» Exercise goal: The data should be transcribed in its entirety, word for word.
(Beginning of The data)
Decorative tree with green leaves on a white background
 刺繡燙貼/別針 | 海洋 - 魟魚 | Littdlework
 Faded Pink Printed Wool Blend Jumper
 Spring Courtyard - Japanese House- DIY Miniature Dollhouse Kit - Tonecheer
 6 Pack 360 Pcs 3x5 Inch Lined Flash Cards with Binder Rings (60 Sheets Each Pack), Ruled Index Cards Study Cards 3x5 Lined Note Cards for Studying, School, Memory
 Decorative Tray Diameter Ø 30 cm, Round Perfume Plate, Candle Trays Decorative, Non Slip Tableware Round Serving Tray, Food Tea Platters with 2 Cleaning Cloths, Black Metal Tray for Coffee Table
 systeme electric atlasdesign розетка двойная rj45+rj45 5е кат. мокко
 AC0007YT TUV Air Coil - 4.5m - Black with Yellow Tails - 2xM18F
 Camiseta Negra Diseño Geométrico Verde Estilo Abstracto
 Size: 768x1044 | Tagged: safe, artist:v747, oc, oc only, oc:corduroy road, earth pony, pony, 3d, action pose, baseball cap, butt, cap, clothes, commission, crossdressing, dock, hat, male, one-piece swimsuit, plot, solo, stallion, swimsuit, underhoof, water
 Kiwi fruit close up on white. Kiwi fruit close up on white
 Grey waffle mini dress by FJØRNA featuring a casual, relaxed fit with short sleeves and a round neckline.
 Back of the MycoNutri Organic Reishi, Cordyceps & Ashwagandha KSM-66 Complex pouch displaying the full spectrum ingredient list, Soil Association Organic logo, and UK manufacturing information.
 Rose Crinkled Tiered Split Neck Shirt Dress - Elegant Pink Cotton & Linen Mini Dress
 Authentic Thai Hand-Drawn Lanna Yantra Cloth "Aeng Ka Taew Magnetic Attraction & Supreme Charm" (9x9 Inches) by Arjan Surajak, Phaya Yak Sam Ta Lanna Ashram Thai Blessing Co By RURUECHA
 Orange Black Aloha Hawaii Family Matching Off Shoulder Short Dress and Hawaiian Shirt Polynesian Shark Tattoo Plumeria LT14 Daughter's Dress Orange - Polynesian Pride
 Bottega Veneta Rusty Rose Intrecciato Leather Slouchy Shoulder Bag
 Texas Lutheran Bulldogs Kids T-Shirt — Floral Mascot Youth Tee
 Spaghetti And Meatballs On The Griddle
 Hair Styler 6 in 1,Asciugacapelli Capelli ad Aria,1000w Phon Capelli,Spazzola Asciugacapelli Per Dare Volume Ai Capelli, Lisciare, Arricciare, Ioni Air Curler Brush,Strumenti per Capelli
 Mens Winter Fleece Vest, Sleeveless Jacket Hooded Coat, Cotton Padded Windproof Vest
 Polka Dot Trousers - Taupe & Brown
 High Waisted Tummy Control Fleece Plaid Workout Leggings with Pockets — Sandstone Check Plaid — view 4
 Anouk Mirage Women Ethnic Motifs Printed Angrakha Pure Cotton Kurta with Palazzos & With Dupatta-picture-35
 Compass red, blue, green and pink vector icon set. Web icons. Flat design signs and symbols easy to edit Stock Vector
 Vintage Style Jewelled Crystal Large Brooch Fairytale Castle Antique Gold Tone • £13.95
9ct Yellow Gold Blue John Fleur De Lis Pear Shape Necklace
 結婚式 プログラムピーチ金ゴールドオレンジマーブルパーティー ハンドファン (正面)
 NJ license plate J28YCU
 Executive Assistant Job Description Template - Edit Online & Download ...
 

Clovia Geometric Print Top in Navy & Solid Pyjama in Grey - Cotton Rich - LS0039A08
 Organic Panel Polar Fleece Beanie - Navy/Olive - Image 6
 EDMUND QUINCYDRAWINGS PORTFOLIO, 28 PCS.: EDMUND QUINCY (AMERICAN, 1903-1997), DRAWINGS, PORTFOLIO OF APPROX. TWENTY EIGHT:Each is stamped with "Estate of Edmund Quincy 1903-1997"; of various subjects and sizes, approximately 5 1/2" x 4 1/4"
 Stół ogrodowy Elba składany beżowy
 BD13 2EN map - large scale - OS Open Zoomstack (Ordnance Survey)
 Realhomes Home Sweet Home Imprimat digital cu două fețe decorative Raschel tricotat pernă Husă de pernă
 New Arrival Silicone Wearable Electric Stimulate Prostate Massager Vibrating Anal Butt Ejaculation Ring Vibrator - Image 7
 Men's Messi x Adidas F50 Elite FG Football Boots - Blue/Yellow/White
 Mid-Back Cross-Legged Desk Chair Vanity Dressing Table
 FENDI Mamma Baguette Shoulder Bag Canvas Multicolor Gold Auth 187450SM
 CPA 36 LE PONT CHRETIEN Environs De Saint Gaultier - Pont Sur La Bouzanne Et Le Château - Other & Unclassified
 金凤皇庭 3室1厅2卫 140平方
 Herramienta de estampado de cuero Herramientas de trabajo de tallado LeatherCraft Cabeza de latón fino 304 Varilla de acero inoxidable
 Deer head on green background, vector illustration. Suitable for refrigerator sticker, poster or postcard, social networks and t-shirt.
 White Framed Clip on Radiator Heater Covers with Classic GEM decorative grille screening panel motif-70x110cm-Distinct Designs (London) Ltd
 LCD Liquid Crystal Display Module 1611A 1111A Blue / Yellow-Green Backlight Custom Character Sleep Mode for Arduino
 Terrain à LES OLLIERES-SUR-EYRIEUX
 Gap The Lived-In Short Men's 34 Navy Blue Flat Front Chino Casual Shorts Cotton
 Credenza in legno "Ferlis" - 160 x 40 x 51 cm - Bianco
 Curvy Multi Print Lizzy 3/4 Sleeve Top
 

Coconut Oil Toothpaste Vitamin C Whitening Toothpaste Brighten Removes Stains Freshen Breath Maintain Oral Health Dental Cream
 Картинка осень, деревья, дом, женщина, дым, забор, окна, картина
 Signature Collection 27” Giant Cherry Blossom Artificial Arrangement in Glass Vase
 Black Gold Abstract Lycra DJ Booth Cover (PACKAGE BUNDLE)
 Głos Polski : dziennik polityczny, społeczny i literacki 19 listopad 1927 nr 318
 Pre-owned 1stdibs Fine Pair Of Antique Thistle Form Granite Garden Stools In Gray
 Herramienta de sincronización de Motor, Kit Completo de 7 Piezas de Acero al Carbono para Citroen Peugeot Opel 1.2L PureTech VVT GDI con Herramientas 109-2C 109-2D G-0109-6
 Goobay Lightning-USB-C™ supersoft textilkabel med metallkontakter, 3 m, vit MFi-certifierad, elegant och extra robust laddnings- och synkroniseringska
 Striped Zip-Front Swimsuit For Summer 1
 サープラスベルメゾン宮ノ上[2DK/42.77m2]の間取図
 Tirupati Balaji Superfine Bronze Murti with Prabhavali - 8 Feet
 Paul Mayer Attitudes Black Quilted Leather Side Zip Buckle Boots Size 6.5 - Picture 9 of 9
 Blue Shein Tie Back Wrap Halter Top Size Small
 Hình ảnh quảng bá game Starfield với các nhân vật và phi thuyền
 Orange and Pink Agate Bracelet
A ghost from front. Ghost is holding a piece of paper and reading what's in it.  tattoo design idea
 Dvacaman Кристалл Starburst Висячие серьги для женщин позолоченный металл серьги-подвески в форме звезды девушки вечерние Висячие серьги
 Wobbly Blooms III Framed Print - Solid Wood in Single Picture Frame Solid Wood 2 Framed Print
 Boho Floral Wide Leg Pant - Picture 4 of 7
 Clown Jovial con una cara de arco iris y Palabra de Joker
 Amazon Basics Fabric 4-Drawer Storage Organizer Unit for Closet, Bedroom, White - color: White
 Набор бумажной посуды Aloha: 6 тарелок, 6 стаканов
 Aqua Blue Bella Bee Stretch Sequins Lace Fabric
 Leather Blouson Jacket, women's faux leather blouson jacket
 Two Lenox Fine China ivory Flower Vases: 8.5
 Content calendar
(End of The data)
» Solved problem:
Decorative tree with green leaves on a white background
 刺繡燙貼/別針 | 海洋 - 魟魚 | Littdlework
 Faded Pink Printed Wool Blend Jumper
 Spring Courtyard - Japanese House- DIY Miniature Dollhouse Kit - Tonecheer
 6 Pack 360 Pcs 3x5 Inch Lined Flash Cards with Binder Rings (60 Sheets Each Pack), Ruled Index Cards Study Cards 3x5 Lined Note Cards for Studying, School, Memory
 Decorative Tray Diameter Ø 30 cm, Round Perfume Plate, Candle Trays Decorative, Non Slip Tableware Round Serving Tray, Food Tea Platters with 2 Cleaning Cloths, Black Metal Tray for Coffee Table
 systeme electric atlasdesign розетка двойная rj45+rj45 5е кат. мокко
 AC0007YT TUV Air Coil - 4.5m - Black with Yellow Tails - 2xM18F
 Camiseta Negra Diseño Geométrico Verde Estilo Abstracto
 Size: 768x1044 | Tagged: safe, artist:v747, oc, oc only, oc:corduroy road, earth pony, pony, 3d, action pose, baseball cap, butt, cap, clothes, commission, crossdressing, dock, hat, male, one-piece swimsuit, plot, solo, stallion, swimsuit, underhoof, water
 Kiwi fruit close up on white. Kiwi fruit close up on white
 Grey waffle mini dress by FJØRNA featuring a casual, relaxed fit with short sleeves and a round neckline.
 Back of the MycoNutri Organic Reishi, Cordyceps & Ashwagandha KSM-66 Complex pouch displaying the full spectrum ingredient list, Soil Association Organic logo, and UK manufacturing information.
 Rose Crinkled Tiered Split Neck Shirt Dress - Elegant Pink Cotton & Linen Mini Dress
 Authentic Thai Hand-Drawn Lanna Yantra Cloth "Aeng Ka Taew Magnetic Attraction & Supreme Charm" (9x9 Inches) by Arjan Surajak, Phaya Yak Sam Ta Lanna Ashram Thai Blessing Co By RURUECHA
 Orange Black Aloha Hawaii Family Matching Off Shoulder Short Dress and Hawaiian Shirt Polynesian Shark Tattoo Plumeria LT14 Daughter's Dress Orange - Polynesian Pride
 Bottega Veneta Rusty Rose Intrecciato Leather Slouchy Shoulder Bag
 Texas Lutheran Bulldogs Kids T-Shirt — Floral Mascot Youth Tee
 Spaghetti And Meatballs On The Griddle
 Hair Styler 6 in 1,Asciugacapelli Capelli ad Aria,1000w Phon Capelli,Spazzola Asciugacapelli Per Dare Volume Ai Capelli, Lisciare, Arricciare, Ioni Air Curler Brush,Strumenti per Capelli
 Mens Winter Fleece Vest, Sleeveless Jacket Hooded Coat, Cotton Padded Windproof Vest
 Polka Dot Trousers - Taupe & Brown
 High Waisted Tummy Control Fleece Plaid Workout Leggings with Pockets — Sandstone Check Plaid — view 4
 Anouk Mirage Women Ethnic Motifs Printed Angrakha Pure Cotton Kurta with Palazzos & With Dupatta-picture-35
 Compass red, blue, green and pink vector icon set. Web icons. Flat design signs and symbols easy to edit Stock Vector
 Vintage Style Jewelled Crystal Large Brooch Fairytale Castle Antique Gold Tone • £13.95
9ct Yellow Gold Blue John Fleur De Lis Pear Shape Necklace
 結婚式 プログラムピーチ金ゴールドオレンジマーブルパーティー ハンドファン (正面)
 NJ license plate J28YCU
 Executive Assistant Job Description Template - Edit Online & Download ...
 

Clovia Geometric Print Top in Navy & Solid Pyjama in Grey - Cotton Rich - LS0039A08
 Organic Panel Polar Fleece Beanie - Navy/Olive - Image 6
 EDMUND QUINCYDRAWINGS PORTFOLIO, 28 PCS.: EDMUND QUINCY (AMERICAN, 1903-1997), DRAWINGS, PORTFOLIO OF APPROX. TWENTY EIGHT:Each is stamped with "Estate of Edmund Quincy 1903-1997"; of various subjects and sizes, approximately 5 1/2" x 4 1/4"
 Stół ogrodowy Elba składany beżowy
 BD13 2EN map - large scale - OS Open Zoomstack (Ordnance Survey)
 Realhomes Home Sweet Home Imprimat digital cu două fețe decorative Raschel tricotat pernă Husă de pernă
 New Arrival Silicone Wearable Electric Stimulate Prostate Massager Vibrating Anal Butt Ejaculation Ring Vibrator - Image 7
 Men's Messi x Adidas F50 Elite FG Football Boots - Blue/Yellow/White
 Mid-Back Cross-Legged Desk Chair Vanity Dressing Table
 FENDI Mamma Baguette Shoulder Bag Canvas Multicolor Gold Auth 187450SM
 CPA 36 LE PONT CHRETIEN Environs De Saint Gaultier - Pont Sur La Bouzanne Et Le Château - Other & Unclassified
 金凤皇庭 3室1厅2卫 140平方
 Herramienta de estampado de cuero Herramientas de trabajo de tallado LeatherCraft Cabeza de latón fino 304 Varilla de acero inoxidable
 Deer head on green background, vector illustration. Suitable for refrigerator sticker, poster or postcard, social networks and t-shirt.
 White Framed Clip on Radiator Heater Covers with Classic GEM decorative grille screening panel motif-70x110cm-Distinct Designs (London) Ltd
 LCD Liquid Crystal Display Module 1611A 1111A Blue / Yellow-Green Backlight Custom Character Sleep Mode for Arduino
 Terrain à LES OLLIERES-SUR-EYRIEUX
 Gap The Lived-In Short Men's 34 Navy Blue Flat Front Chino Casual Shorts Cotton
 Credenza in legno "Ferlis" - 160 x 40 x 51 cm - Bianco
 Curvy Multi Print Lizzy 3/4 Sleeve Top
 

Coconut Oil Toothpaste Vitamin C Whitening Toothpaste Brighten Removes Stains Freshen Breath Maintain Oral Health Dental Cream
 Картинка осень, деревья, дом, женщина, дым, забор, окна, картина
 Signature Collection 27” Giant Cherry Blossom Artificial Arrangement in Glass Vase
 Black Gold Abstract Lycra DJ Booth Cover (PACKAGE BUNDLE)
 Głos Polski : dziennik polityczny, społeczny i literacki 19 listopad 1927 nr 318
 Pre-owned 1stdibs Fine Pair Of Antique Thistle Form Granite Garden Stools In Gray
 Herramienta de sincronización de Motor, Kit Completo de 7 Piezas de Acero al Carbono para Citroen Peugeot Opel 1.2L PureTech VVT GDI con Herramientas 109-2C 109-2D G-0109-6
 Goobay Lightning-USB-C™ supersoft textilkabel med metallkontakter, 3 m, vit MFi-certifierad, elegant och extra robust laddnings- och synkroniseringska
 Striped Zip-Front Swimsuit For Summer 1
 サープラスベルメゾン宮ノ上[2DK/42.77m2]の間取図
 Tirupati Balaji Superfine Bronze Murti with Prabhavali - 8 Feet
 Paul Mayer Attitudes Black Quilted Leather Side Zip Buckle Boots Size 6.5 - Picture 9 of 9
 Blue Shein Tie Back Wrap Halter Top Size Small
 Hình ảnh quảng bá game Starfield với các nhân vật và phi thuyền
 Orange and Pink Agate Bracelet
A ghost from front. Ghost is holding a piece of paper and reading what's in it.  tattoo design idea
 Dvacaman Кристалл Starburst Висячие серьги для женщин позолоченный металл серьги-подвески в форме звезды девушки вечерние Висячие серьги
 Wobbly Blooms III Framed Print - Solid Wood in Single Picture Frame Solid Wood 2 Framed Print
 Boho Floral Wide Leg Pant - Picture 4 of 7
 Clown Jovial con una cara de arco iris y Palabra de Joker
 Amazon Basics Fabric 4-Drawer Storage Organizer Unit for Closet, Bedroom, White - color: White
 Набор бумажной посуды Aloha: 6 тарелок, 6 стаканов
 Aqua Blue Bella Bee Stretch Sequins Lace Fabric
 Leather Blouson Jacket, women's faux leather blouson jacket
 Two Lenox Fine China ivory Flower Vases: 8.5
 Content calendar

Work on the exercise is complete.